* Available records
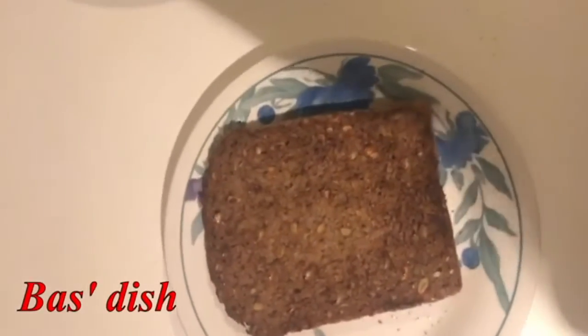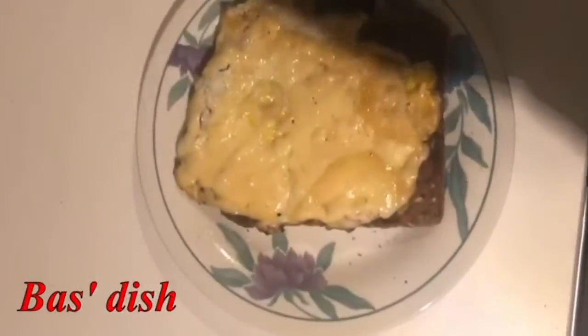For the tapas I have made a tostada con huevo. It's pretty simple. All you need is a piece of roasted bread and an egg with maybe some cheese on it. For a side dish with the tapas I'm making olives.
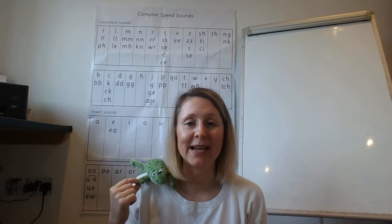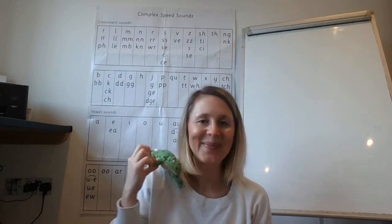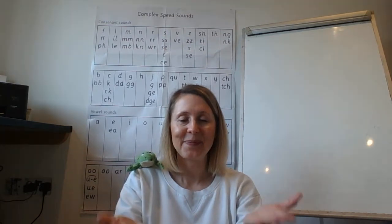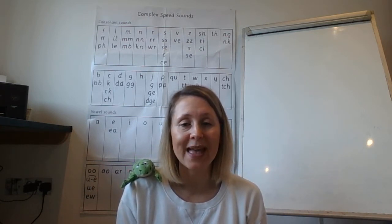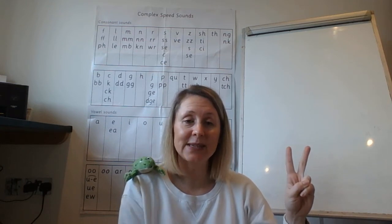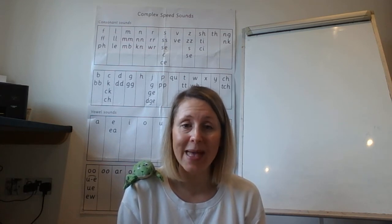Fred's going to help us with our spelling today and he's going to give us some set two words for us to practice. Can we have our first word, Fred? Way. How many Fred fingers do we need for that word? Show me — that's right, we need two. Let's squeeze the sounds together: w-ay, way.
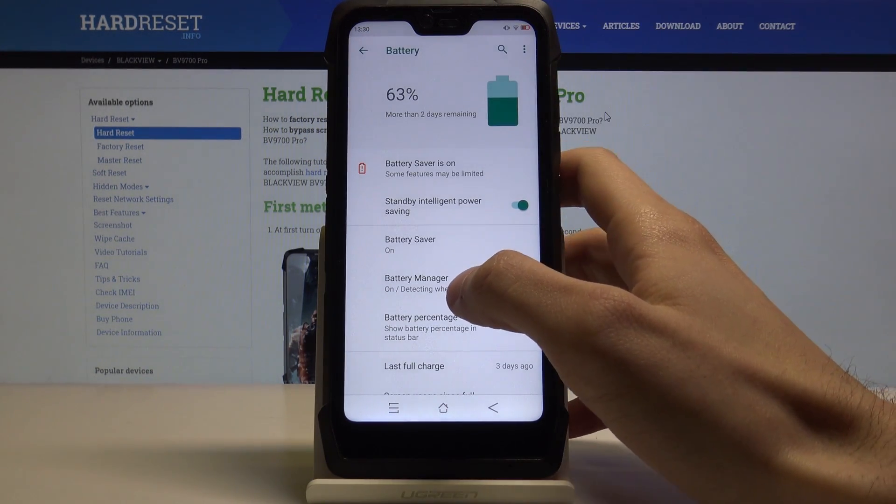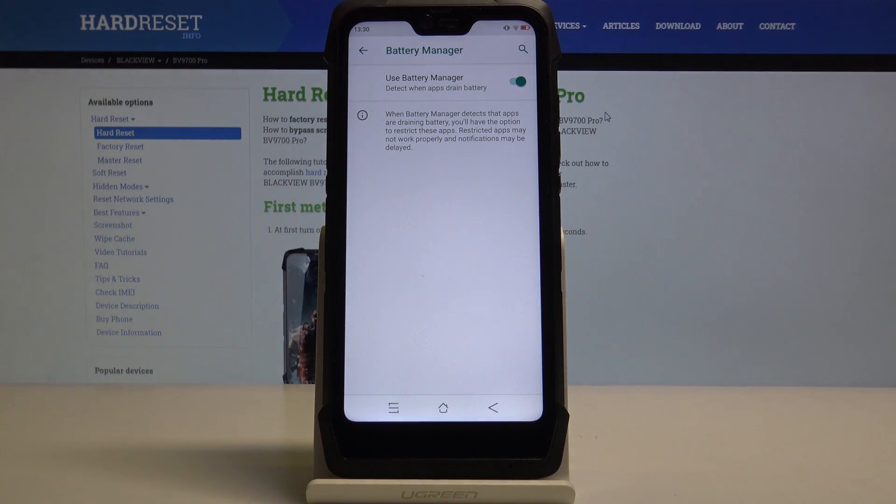You also have a feature called Battery Manager, which detects when apps are draining the battery and gives you the option to restrict those apps. Note that restricted apps may not work properly and notifications may be delayed.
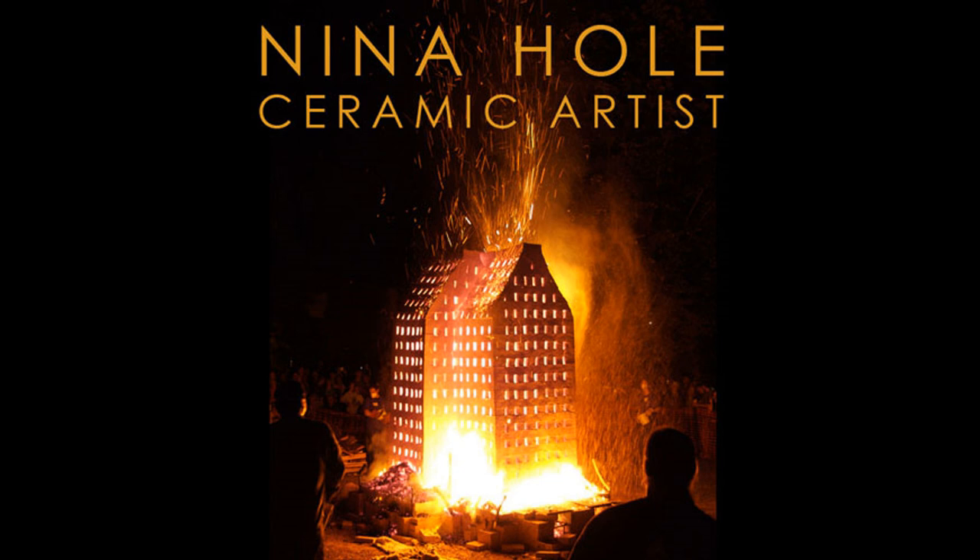What you're looking at here is one of Nina's fire sculptures — a sculpture installation. She did these around the world. She flew into a location, built these sculptures in one or two weeks, and then fired them pretty much in an overnight process.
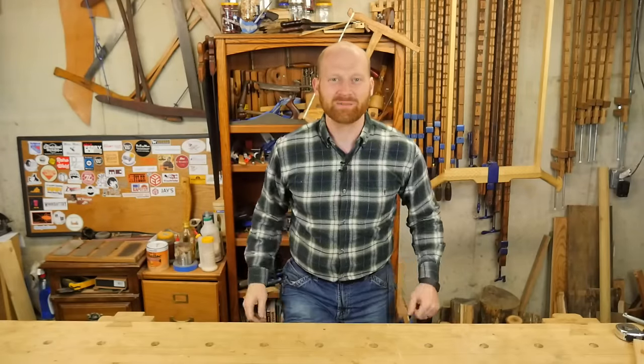Hey y'all, I'm James Wright, welcome to my shop. It's time for another weekly shop update and today is May the 17th. First, let's take a look at a sticker we got — this week we have one sticker.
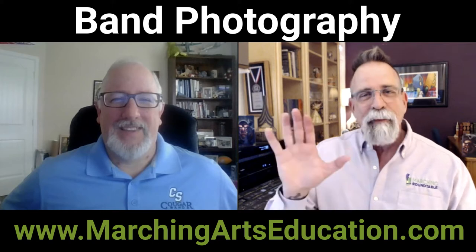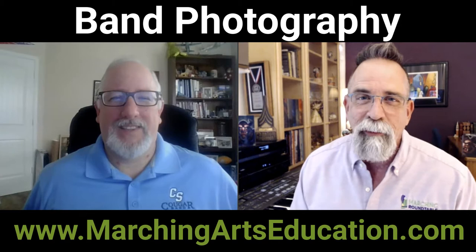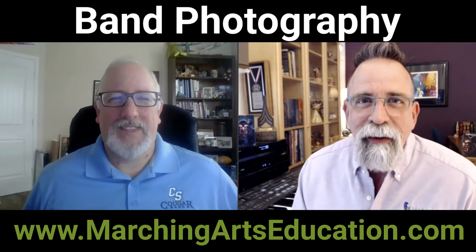Hey everybody, it's Tim Hinton from MarchingArtsEducation.com. You might also know me as the host of the Marching Roundtable podcast. We are going to talk about band photography. Your students deserve to have some great action shots of them on the field. My guest today is great at doing this. Lance Martin, how are you?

* Exercise objective
Range to copy from the listing above: the line with "You also have" through the line with "What you're looking". Transcribe it exactly and skip the pictures.

* Response to the exercise
You also have a feature called Battery Manager, which detects when apps are draining the battery and gives you the option to restrict those apps. Note that restricted apps may not work properly and notifications may be delayed.
What you're looking at here is one of Nina's fire sculptures — a sculpture installation. She did these around the world. She flew into a location, built these sculptures in one or two weeks, and then fired them pretty much in an overnight process.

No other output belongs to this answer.